Trump was not about to tolerate this insult to his most faithful lap dog. "Trump and his aides were infuriated by the statement and wanted to respond forcefully," CNN reported. "The specific and personal targeting of Pence is what irked U.S. officials, three people familiar with the matter said."
Giuliani says the summit was saved only when Kim came crawling back. This claim is not terribly credible, given the regime's long record of threats, defiance and immovability on matters it cares about. And when Trump met at the White House with a high-level North Korean envoy, the president did not give the impression of a tough negotiator.

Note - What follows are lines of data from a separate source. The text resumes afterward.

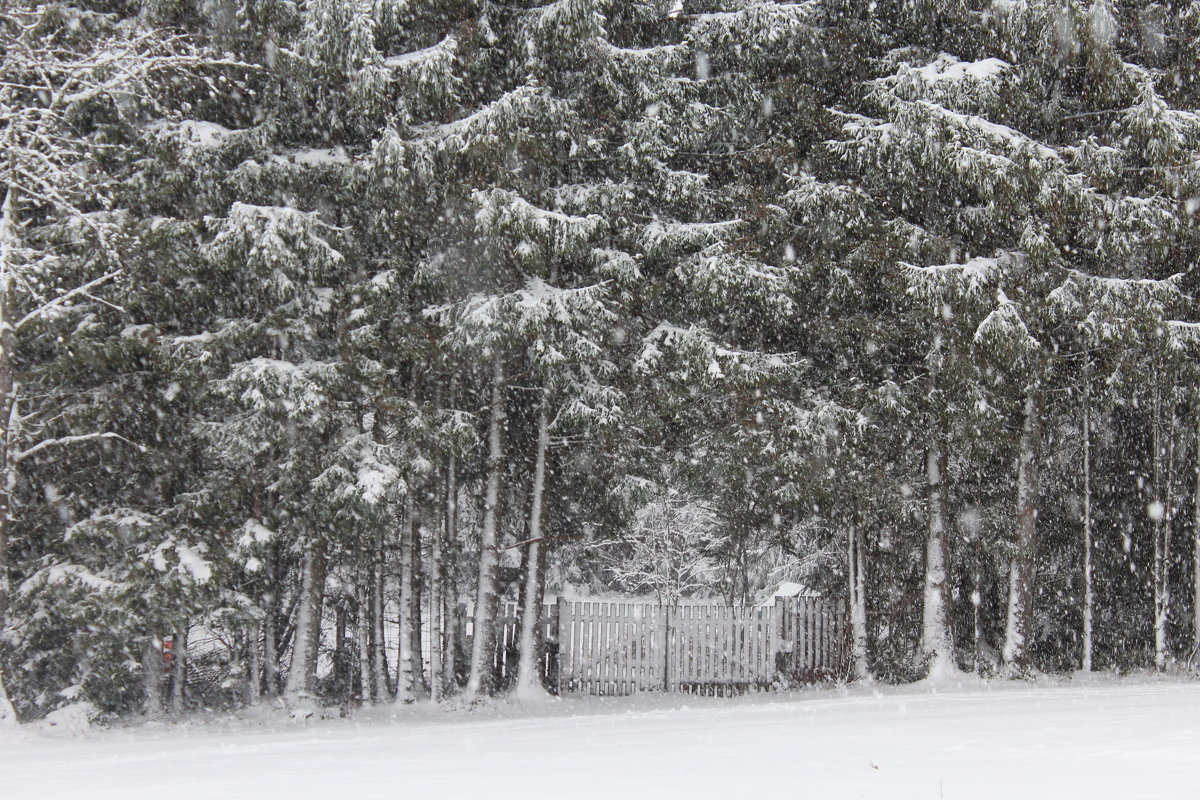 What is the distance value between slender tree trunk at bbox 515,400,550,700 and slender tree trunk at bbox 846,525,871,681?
14.7 ft

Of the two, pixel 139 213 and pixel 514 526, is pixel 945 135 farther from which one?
pixel 139 213

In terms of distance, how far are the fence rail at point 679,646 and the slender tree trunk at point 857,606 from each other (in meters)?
0.31

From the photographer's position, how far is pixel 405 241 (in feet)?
43.2

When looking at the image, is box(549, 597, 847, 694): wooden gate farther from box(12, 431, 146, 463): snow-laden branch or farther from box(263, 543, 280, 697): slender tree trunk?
box(12, 431, 146, 463): snow-laden branch

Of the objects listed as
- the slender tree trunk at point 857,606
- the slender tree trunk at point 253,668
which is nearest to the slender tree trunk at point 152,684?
the slender tree trunk at point 253,668

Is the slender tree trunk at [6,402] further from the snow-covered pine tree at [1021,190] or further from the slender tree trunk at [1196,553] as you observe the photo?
the slender tree trunk at [1196,553]

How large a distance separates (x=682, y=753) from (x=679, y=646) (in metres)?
7.09

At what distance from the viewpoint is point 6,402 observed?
435 inches

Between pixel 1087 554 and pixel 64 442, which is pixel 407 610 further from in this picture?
pixel 1087 554

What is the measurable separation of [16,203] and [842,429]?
1005 cm

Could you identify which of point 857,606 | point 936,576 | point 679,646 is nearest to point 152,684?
point 679,646

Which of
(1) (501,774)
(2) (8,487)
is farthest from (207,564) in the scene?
(1) (501,774)

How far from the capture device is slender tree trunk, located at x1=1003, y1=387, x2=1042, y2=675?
1402cm

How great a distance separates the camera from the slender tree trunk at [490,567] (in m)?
13.0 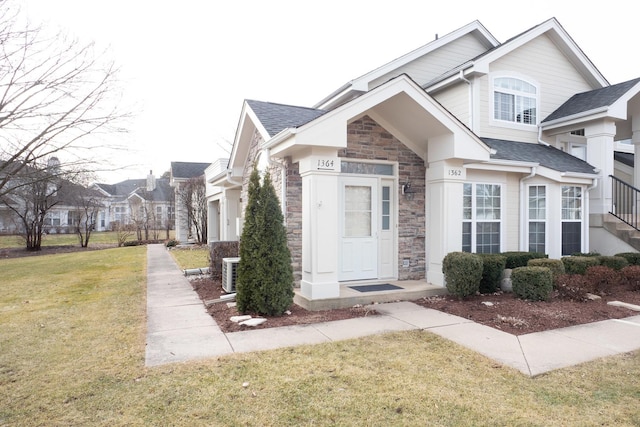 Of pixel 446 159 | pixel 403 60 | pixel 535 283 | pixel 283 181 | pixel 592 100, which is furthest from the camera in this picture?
pixel 403 60

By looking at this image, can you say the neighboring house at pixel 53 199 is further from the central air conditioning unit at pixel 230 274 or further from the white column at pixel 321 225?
the white column at pixel 321 225

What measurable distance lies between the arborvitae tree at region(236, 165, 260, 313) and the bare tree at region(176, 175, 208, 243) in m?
17.2

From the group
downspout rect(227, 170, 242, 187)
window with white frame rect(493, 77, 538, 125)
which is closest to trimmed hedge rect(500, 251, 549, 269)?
window with white frame rect(493, 77, 538, 125)

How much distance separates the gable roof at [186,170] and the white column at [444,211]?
21466 mm

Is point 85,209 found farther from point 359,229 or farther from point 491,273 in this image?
point 491,273

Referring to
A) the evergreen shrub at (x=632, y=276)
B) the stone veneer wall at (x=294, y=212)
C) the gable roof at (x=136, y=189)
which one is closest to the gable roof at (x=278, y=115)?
the stone veneer wall at (x=294, y=212)

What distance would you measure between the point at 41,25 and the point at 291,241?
392 inches

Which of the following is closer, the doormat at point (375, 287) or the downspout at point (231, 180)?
the doormat at point (375, 287)

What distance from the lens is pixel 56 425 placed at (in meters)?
3.03

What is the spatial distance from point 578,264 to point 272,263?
667cm

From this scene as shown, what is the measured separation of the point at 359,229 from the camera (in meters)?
8.15

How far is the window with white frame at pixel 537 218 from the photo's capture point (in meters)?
9.92

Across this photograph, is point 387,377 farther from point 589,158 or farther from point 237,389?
point 589,158

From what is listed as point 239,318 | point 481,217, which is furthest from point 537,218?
point 239,318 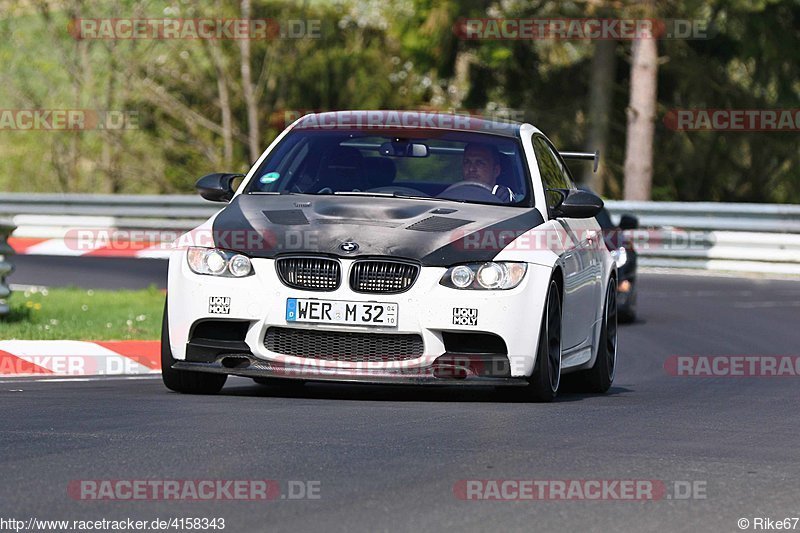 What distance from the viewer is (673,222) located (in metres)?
27.2

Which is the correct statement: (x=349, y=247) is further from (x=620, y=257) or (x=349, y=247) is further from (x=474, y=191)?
(x=620, y=257)

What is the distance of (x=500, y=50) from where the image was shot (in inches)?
1318

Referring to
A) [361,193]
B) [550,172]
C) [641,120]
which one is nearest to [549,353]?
[361,193]

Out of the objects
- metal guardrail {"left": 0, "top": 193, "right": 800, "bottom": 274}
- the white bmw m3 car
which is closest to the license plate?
the white bmw m3 car

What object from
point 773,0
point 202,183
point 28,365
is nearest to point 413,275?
point 202,183

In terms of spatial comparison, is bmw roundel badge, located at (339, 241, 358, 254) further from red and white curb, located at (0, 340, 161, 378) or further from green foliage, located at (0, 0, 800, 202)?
green foliage, located at (0, 0, 800, 202)

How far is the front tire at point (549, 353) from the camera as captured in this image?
9.52 meters

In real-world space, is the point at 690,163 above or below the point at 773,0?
below

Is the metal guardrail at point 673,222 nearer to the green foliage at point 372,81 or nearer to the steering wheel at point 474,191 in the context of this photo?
the green foliage at point 372,81

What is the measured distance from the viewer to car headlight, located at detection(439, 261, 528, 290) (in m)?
9.25

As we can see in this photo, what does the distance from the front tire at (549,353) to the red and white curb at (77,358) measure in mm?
3133

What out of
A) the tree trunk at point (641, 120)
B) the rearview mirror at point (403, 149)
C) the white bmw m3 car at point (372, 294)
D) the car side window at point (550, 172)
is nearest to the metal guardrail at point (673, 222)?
the tree trunk at point (641, 120)

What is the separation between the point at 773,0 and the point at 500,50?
5.21 meters

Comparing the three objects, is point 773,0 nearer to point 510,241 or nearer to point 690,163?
point 690,163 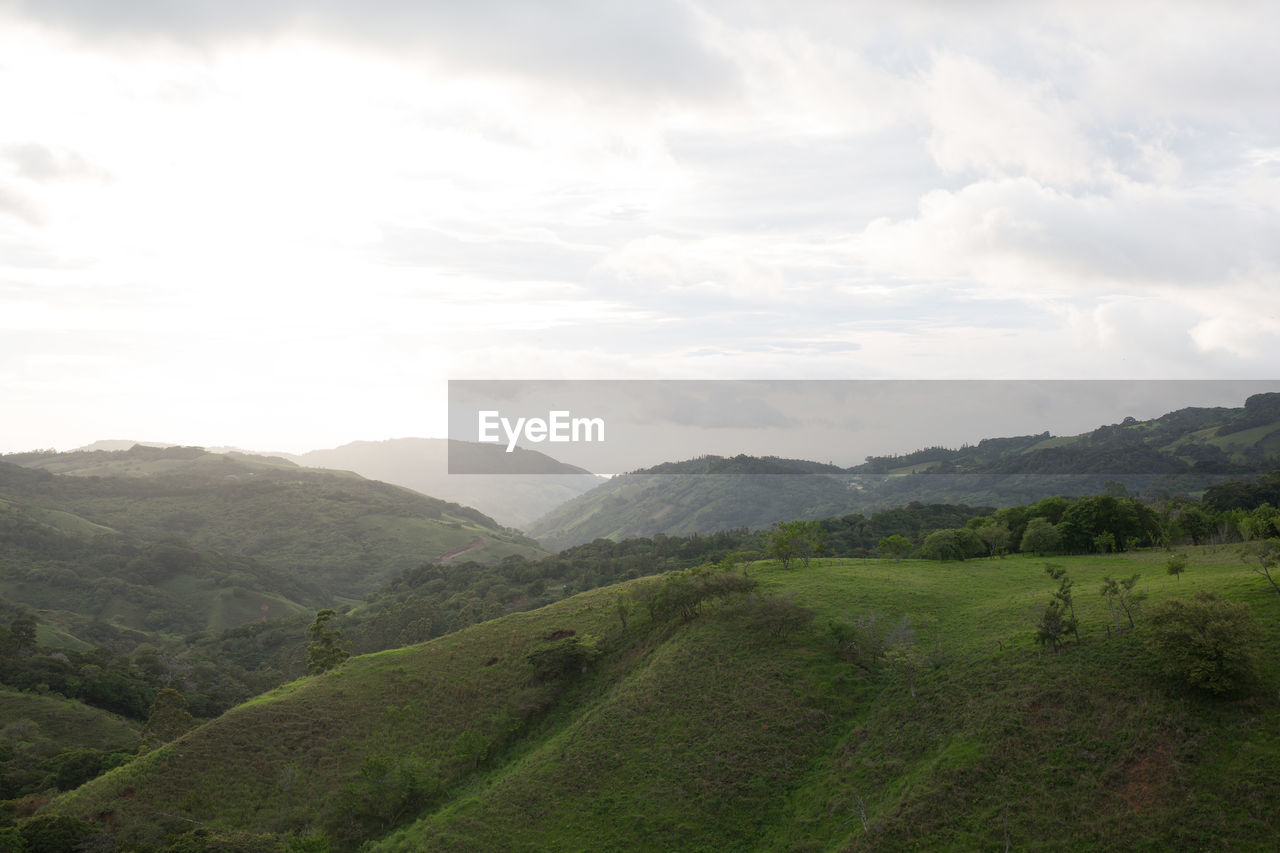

Reported The New York Times: "Sung-Yoon Lee, a scholar at the Fletcher School of Law and Diplomacy at Tufts University, said Mr. Trump stuffed a variety of 'unnecessary concessions' into a 'goody bag for Kim Jong Un.' Among them were easing up on 'maximum pressure,' agreeing to a longer time frame, validating Mr. Kim as a leader by promising more summit meetings, and signaling that China, Japan and South Korea should ready economic aid."
Even Senate Republican leader Mitch McConnell warned Trump, "You have to not want the deal too much." Trump is the guy who vowed that Mexico would pay for a border wall and then, realizing it would never happen, pleaded with the Mexican president to go along with the ruse.
But let's suppose Kim did kowtow to Trump in an attempt to resurrect the summit. Let's suppose Trump's fierce determination left the North Koreans no choice but to capitulate. In that case, the last thing he and his minions should do is do an end-zone dance before a satisfactory deal has even been reached. This is not a football game.
Such trash-talking not only encourages Kim to up his demands at the bargaining table to prove he's no wimp but also discourages any regime from making concessions to the U.S.—or even negotiating with this administration, which feels free to disclose or even invent facts about behind-the-scenes bartering.
Anytime you interact with Trump in private, you have to worry that he will publicly misrepresent what happened as part of his ceaseless quest for self-glorification. You have to assume his cronies will rush out to portray you as a pathetic loser.
In a normal administration, functioning with a modicum of discipline and direction, the president's personal attorney would not be braying on national TV about critical matters of foreign policy, and the president would not be letting him. But today, our security and survival are in the hands of fools, knaves, and incompetents.